Originally posted by Crayola
The thing is you need a balance between Capitalism and Socialism, because extremes of either one are bad (Im sure we can all agree on that)
No. No, we can't all agree on that. I find that statement to be extremely naive.
The difference is Socialism is a people's movement, its an Idea of the unions to make life wasier for the working class, because without the working class capitalism cannot work.
But somehow it's OK to make life
harder for the "white collar" class?
(You need industry before you can have commerce, I realise this is becoming less and less the reality but one way or another you need resources before you can make/sell something.)

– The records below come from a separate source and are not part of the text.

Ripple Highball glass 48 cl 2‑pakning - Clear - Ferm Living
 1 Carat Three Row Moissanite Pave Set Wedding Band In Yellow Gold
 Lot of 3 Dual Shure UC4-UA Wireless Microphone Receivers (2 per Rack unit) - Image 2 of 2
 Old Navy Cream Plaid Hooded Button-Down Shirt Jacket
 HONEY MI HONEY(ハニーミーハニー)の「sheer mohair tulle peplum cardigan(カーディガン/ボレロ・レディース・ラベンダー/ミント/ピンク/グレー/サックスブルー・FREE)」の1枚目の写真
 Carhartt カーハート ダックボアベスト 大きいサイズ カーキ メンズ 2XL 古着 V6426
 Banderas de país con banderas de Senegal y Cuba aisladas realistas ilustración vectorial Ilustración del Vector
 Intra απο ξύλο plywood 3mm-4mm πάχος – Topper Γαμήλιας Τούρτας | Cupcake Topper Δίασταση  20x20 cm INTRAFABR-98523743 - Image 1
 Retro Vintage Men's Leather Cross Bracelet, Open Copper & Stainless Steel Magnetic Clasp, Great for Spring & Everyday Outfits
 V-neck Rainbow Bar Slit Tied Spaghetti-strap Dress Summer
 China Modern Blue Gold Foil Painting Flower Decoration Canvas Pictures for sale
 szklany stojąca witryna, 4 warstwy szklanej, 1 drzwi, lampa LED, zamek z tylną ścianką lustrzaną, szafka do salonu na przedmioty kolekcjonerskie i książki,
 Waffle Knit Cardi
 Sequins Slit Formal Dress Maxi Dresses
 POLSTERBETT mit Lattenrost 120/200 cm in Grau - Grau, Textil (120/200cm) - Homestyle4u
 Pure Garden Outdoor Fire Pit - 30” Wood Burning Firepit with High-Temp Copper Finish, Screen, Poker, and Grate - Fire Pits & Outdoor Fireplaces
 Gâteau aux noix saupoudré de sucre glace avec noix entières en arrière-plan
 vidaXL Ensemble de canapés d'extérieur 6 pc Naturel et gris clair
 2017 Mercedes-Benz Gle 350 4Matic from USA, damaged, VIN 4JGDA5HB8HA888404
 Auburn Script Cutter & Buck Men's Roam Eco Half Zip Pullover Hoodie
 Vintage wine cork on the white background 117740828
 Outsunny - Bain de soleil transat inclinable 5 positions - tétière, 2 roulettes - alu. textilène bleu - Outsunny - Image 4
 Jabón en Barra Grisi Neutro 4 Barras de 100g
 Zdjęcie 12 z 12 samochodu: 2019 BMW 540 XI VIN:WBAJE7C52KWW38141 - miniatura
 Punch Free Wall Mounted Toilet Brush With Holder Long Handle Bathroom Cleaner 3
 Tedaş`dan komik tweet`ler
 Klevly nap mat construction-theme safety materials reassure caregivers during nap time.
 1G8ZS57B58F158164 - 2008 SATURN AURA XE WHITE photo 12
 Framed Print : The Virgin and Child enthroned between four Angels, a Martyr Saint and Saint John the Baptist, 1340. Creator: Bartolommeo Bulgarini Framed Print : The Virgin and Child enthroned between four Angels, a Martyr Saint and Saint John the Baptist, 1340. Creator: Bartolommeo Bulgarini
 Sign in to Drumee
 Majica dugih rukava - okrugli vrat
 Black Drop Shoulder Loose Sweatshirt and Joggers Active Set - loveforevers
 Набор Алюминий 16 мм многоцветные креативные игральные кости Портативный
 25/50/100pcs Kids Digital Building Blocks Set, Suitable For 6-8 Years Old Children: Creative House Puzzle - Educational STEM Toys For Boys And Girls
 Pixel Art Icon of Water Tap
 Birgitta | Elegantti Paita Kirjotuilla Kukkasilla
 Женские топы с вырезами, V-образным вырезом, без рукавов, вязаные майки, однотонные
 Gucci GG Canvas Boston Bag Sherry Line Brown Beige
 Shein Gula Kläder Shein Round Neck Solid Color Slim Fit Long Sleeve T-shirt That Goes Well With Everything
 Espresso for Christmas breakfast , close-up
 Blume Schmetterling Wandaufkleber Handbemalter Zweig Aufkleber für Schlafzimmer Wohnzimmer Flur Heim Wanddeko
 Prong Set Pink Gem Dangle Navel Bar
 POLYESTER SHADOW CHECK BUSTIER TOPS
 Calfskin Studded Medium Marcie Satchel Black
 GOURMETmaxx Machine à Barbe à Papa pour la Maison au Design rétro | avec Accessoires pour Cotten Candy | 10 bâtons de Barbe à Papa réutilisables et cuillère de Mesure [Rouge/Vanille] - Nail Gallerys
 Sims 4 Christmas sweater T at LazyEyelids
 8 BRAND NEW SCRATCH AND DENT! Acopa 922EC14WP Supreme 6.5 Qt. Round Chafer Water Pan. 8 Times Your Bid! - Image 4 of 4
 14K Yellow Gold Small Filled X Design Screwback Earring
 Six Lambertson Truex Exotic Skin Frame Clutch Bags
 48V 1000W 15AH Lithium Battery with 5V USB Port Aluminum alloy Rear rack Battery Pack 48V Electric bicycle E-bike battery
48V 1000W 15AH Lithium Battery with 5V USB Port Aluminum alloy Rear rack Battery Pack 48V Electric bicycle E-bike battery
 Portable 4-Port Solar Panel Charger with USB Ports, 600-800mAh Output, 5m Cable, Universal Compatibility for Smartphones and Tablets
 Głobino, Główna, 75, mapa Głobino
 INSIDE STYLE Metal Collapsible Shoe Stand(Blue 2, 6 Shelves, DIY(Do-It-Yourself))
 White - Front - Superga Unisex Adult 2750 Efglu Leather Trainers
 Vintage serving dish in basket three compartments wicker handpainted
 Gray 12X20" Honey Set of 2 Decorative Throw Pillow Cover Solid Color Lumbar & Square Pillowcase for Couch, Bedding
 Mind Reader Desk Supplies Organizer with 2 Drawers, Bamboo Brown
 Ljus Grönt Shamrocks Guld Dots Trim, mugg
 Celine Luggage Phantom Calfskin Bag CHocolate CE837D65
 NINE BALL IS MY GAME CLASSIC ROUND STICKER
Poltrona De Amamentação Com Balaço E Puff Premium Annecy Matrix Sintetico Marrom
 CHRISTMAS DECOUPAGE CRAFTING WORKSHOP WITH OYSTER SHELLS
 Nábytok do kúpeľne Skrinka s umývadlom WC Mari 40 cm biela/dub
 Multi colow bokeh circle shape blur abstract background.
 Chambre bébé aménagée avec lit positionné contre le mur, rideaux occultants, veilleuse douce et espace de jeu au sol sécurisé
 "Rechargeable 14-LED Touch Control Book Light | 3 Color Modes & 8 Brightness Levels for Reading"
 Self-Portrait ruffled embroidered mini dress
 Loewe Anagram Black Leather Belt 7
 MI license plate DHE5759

You also need an idea of what you can make/use/do.
Everybody has muscles they can use to scratch out a bare living. What everybody does
not have is an idea, knowledge, curiosity, etc. required to envision something which can be made or improved. That's why workers need an employer more than an employer needs workers. A person with an idea can always do it himself if need be. But a person who is only a set of muscles without an idea has nothing to do.
As far as I can see or have learned capitalism has its many shortfalls if you are not one of the lucky people making all the money.
As far as I can see luck is luck the world over. But in my view, Socialism has many shortfalls if you are one of the dilligent, hardworking people who is making all the money. Which would
you rather reward?
What I mean to say is, you're trying to tell me that just because someone doesnt have a university degree and such means they do less work? Just because someone can't afford to live in the high-end of town and trade on Wall St. and the Nasdaq they are doing less work than the people building the infrastructure for commerce?
Who said that? I didn't see it. Kindly point it out.
BUT, refer to my paragraph on having an idea, above. A hardworking set of muscles will earn X amount of money. A hardworking brain will earn many times that amount.
If you honestly believe that capitalism is good for everyone you're in my opinion extremely naive.
Actually, Scoialists are either naive, or vicious, or both. Capitalism has the
potential to be good for everyone. Socialism, on the other hand, has a built-in, guaranteed unfairness against a particular group of people - those who succeed.
Capitalism only ever works in rich 1st world countries where there is a strong industrial base to work from, and even then whether or not it works is debatable.
Lets take this a step further and perhaps you will realize that you have made the classic Socialist mistake of reversing cause and effect. Let me ask you this:
What
were those "rich 1st world countries"
before they became rich? Where exactly did those riches
come from?
Wealth does not lie around like a static commodity to be shared or hoarded. Wealth is
created... by people with ideas. No one simply said "America is going to be rich," and made it so. We took two thousand years of capitalism-driven European technology and knowledge, and cranked it up to 11. So did the Europeans themselves, but their political ideas about this very action have remained a thousand years old. They still fundamentally see wealth as something of which there is a fixed amount, and which has to be taken from someone in order to be given to someone else.
Countries are not Capitalist
because they are rich and powerful.
They are rich and powerful to the extent that they are Capitlist.
Capitalism can and will, only ever favour those with money to begin with because it simply becomes to hard for a less fortunate person to climb the ranks of society without government subsidisation (sp?).
Socialism only ever works as long as the victims agree to be victimized.
Hard work pays off. No matter how much Socialists try to ignore this fact, it remains a fact. Some people work harder than others. Some people work smarter than others. There is no guarantee that your hard work will not be destroyed by a bad decision or an unlucky natural event. But all you need to look at is how many self-made rich Americans there are to see that overall, the system pays you back what you put into it. For highly visible examples, look at the NBA. How many inner city kids have built their hard work and talent into multi-million-dollar contracts? Many... but that's just a rarified example. How many dedicated guys have started out as lot boys at a car dealership, then learned some mechanics or became a good salesman, and then a manager, and then bought the dealership? The process is built in to the Capitalist system.
That doesn't mean it is guaranteed, NOR SHOULD IT. But it is inherent in the system.
Socialism, on the other hand, is like a tractor pull. Have you ever seen one? A heavy weight on a sled is pulled by a tractor as far as possible. As the tractor moves further down the strip, the weight moves further and further off the wheels and onto the skid, making the sled harder and harder to pull, until the tractor stalls. Success is punished by making the task more and more difficult, until the person fails.
Does that sound particularly desirable? Or even remotely fair?